- _Study material_
━━━━

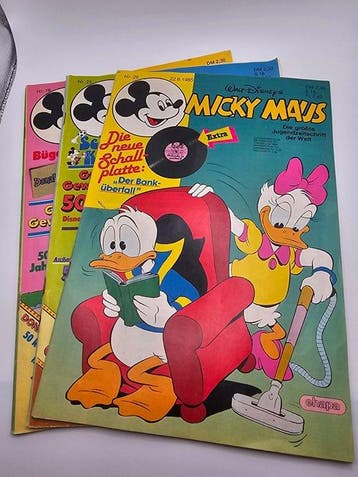 Micky Maus - Micky Maus - 17 Comic - 1984/1988, Boeken, Nieuw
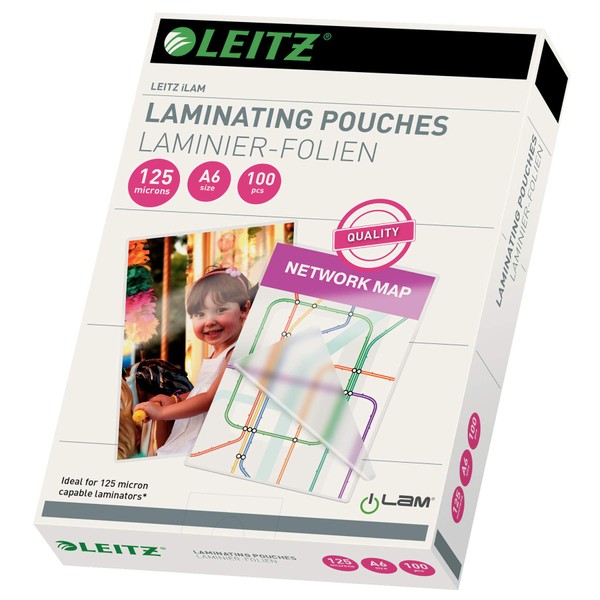 Leitz iLam A6 Hot Laminating Pouches 125 micron - Pack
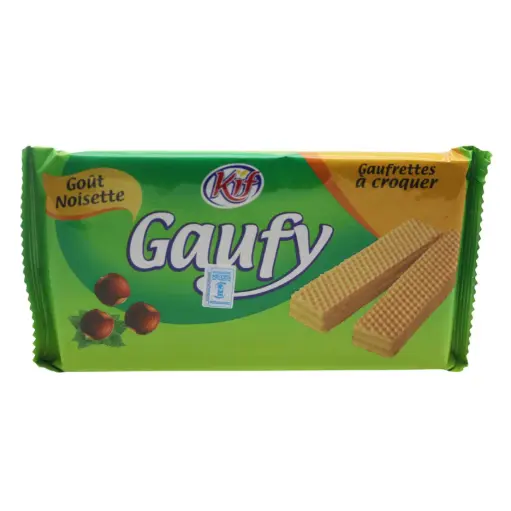 KIF GAUFY GAUFRETTES NOISETTE 80G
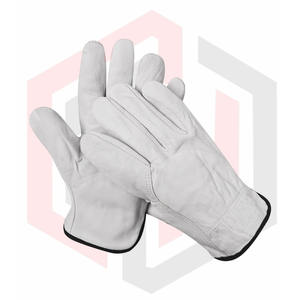 Gants de sécurité de construction anti-coupure ignifuges blancs bon marché pour les constructeurs de soudures, les mécaniciens, les conducteurs et les soudeurs - Product Image 5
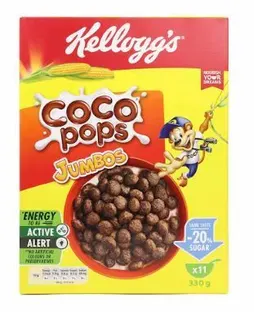 Kellogg's Coco Pops Jumbos Chocolate Cereal, 330g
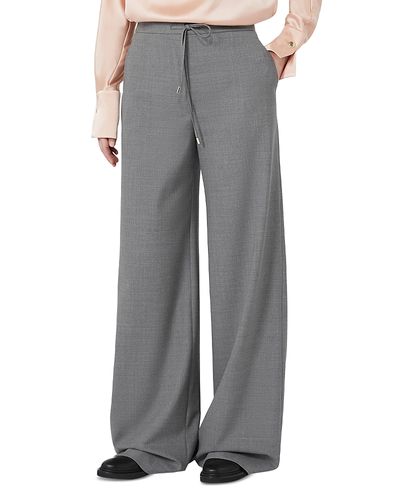 Max Mara Studio Max Mara Studio Mstdenaro Wool Blend Drawstring Trousers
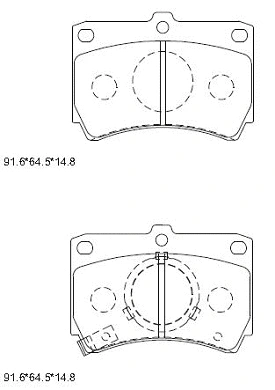 KD3797F ASIMCO Комплект тормозных колодок, дисковый тормоз (фото 1)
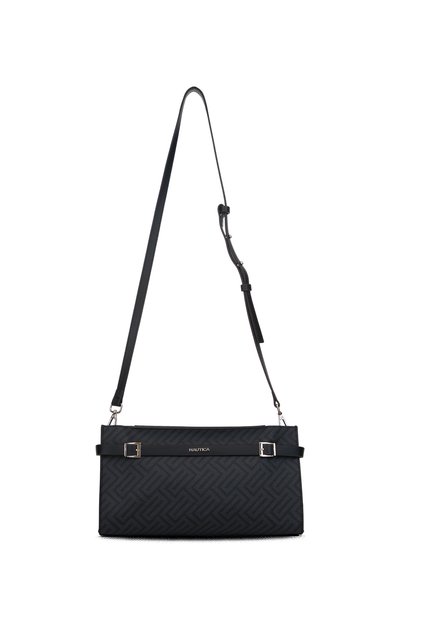 Black-Black Women's Messenger Bag Cn7630T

━━━━

- _Goal of the exercise_
Print each entry above verbatim, pictures left out.

- _Solution_
 Micky Maus - Micky Maus - 17 Comic - 1984/1988, Boeken, Nieuw
 Leitz iLam A6 Hot Laminating Pouches 125 micron - Pack
 KIF GAUFY GAUFRETTES NOISETTE 80G
 Gants de sécurité de construction anti-coupure ignifuges blancs bon marché pour les constructeurs de soudures, les mécaniciens, les conducteurs et les soudeurs - Product Image 5
 Kellogg's Coco Pops Jumbos Chocolate Cereal, 330g
 Max Mara Studio Max Mara Studio Mstdenaro Wool Blend Drawstring Trousers
 KD3797F ASIMCO Комплект тормозных колодок, дисковый тормоз (фото 1)
 Black-Black Women's Messenger Bag Cn7630T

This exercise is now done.